[[ RECORDS FOR THE EXERCISE, beginning ]]

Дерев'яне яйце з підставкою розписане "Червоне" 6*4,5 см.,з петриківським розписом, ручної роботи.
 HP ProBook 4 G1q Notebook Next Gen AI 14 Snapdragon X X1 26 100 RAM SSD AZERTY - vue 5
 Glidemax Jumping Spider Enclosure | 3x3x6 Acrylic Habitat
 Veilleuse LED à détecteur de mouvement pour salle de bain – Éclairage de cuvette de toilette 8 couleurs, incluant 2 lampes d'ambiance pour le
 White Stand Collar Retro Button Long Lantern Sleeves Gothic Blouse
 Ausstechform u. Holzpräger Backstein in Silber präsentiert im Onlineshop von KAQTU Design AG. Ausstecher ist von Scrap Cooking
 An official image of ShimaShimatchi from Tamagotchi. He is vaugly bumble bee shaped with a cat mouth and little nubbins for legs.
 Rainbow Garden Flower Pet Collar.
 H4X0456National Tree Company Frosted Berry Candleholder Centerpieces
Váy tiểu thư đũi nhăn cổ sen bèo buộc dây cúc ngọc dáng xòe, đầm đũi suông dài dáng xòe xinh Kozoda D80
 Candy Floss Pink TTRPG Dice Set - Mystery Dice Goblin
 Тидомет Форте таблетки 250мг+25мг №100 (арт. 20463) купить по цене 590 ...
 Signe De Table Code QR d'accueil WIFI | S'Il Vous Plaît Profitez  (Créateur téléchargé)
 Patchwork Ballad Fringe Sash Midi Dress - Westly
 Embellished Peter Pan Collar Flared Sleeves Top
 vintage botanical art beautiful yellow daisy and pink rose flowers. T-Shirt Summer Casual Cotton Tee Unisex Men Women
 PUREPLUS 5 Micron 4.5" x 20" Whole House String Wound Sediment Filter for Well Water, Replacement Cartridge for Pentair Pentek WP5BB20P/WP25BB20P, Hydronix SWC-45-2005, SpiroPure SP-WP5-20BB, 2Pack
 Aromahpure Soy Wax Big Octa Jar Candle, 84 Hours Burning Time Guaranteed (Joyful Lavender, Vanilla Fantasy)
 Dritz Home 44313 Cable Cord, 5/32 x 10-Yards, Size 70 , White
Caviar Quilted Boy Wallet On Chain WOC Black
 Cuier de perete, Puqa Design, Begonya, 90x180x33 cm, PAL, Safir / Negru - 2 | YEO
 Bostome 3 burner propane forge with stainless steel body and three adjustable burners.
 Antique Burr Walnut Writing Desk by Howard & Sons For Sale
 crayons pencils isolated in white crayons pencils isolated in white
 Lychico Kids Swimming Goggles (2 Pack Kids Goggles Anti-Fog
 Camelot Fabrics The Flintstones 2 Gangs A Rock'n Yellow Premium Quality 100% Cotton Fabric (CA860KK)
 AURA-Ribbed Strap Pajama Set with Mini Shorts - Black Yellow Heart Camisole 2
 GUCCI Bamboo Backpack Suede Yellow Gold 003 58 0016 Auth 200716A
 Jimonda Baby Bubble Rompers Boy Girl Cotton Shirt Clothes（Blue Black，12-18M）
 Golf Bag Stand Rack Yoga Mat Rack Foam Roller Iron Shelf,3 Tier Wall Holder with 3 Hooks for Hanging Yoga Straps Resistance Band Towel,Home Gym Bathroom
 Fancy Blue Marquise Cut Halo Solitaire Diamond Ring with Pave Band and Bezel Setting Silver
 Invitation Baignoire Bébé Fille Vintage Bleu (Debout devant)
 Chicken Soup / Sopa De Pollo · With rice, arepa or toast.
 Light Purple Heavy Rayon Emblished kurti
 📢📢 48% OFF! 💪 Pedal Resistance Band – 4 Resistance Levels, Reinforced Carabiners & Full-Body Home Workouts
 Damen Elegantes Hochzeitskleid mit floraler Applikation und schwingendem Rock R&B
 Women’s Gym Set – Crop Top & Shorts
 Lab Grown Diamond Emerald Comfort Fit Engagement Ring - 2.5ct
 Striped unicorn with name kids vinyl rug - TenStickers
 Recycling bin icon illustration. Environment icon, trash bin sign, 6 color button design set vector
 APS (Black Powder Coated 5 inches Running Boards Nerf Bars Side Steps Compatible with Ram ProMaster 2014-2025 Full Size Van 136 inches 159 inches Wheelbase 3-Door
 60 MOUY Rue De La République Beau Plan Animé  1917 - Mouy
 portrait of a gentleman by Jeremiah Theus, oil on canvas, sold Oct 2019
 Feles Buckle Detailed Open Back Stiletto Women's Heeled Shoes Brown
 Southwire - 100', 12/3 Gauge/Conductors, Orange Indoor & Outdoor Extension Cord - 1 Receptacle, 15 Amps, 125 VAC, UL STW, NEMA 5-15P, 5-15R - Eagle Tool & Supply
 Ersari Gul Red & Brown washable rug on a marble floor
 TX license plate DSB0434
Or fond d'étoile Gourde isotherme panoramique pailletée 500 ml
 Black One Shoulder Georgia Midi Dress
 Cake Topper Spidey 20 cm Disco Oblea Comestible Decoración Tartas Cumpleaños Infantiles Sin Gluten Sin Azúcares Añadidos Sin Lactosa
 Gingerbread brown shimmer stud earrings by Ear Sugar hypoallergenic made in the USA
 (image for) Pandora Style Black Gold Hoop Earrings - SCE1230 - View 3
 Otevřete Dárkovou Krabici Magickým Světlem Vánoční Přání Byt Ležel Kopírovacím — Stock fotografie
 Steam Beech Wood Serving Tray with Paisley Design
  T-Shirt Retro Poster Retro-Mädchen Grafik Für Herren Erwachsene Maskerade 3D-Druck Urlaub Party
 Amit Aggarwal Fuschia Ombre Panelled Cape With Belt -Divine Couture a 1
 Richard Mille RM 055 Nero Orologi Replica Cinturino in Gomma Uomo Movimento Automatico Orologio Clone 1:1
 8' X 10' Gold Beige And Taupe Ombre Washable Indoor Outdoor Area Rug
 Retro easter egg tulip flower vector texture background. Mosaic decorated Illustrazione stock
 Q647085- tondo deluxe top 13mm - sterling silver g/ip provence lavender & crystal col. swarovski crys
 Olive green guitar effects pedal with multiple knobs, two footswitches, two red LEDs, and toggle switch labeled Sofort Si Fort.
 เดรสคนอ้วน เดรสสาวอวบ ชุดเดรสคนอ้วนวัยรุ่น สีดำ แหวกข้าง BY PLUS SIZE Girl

[[ RECORDS FOR THE EXERCISE, end ]]

§ **WHAT TO DO**: Restate word for word only the lines above from the line containing "Chicken Soup /" to the line containing "T-Shirt Retro Poster", both of them included.

§ **SOLUTION**:
 Chicken Soup / Sopa De Pollo · With rice, arepa or toast.
 Light Purple Heavy Rayon Emblished kurti
 📢📢 48% OFF! 💪 Pedal Resistance Band – 4 Resistance Levels, Reinforced Carabiners & Full-Body Home Workouts
 Damen Elegantes Hochzeitskleid mit floraler Applikation und schwingendem Rock R&B
 Women’s Gym Set – Crop Top & Shorts
 Lab Grown Diamond Emerald Comfort Fit Engagement Ring - 2.5ct
 Striped unicorn with name kids vinyl rug - TenStickers
 Recycling bin icon illustration. Environment icon, trash bin sign, 6 color button design set vector
 APS (Black Powder Coated 5 inches Running Boards Nerf Bars Side Steps Compatible with Ram ProMaster 2014-2025 Full Size Van 136 inches 159 inches Wheelbase 3-Door
 60 MOUY Rue De La République Beau Plan Animé  1917 - Mouy
 portrait of a gentleman by Jeremiah Theus, oil on canvas, sold Oct 2019
 Feles Buckle Detailed Open Back Stiletto Women's Heeled Shoes Brown
 Southwire - 100', 12/3 Gauge/Conductors, Orange Indoor & Outdoor Extension Cord - 1 Receptacle, 15 Amps, 125 VAC, UL STW, NEMA 5-15P, 5-15R - Eagle Tool & Supply
 Ersari Gul Red & Brown washable rug on a marble floor
 TX license plate DSB0434
Or fond d'étoile Gourde isotherme panoramique pailletée 500 ml
 Black One Shoulder Georgia Midi Dress
 Cake Topper Spidey 20 cm Disco Oblea Comestible Decoración Tartas Cumpleaños Infantiles Sin Gluten Sin Azúcares Añadidos Sin Lactosa
 Gingerbread brown shimmer stud earrings by Ear Sugar hypoallergenic made in the USA
 (image for) Pandora Style Black Gold Hoop Earrings - SCE1230 - View 3
 Otevřete Dárkovou Krabici Magickým Světlem Vánoční Přání Byt Ležel Kopírovacím — Stock fotografie
 Steam Beech Wood Serving Tray with Paisley Design
  T-Shirt Retro Poster Retro-Mädchen Grafik Für Herren Erwachsene Maskerade 3D-Druck Urlaub Party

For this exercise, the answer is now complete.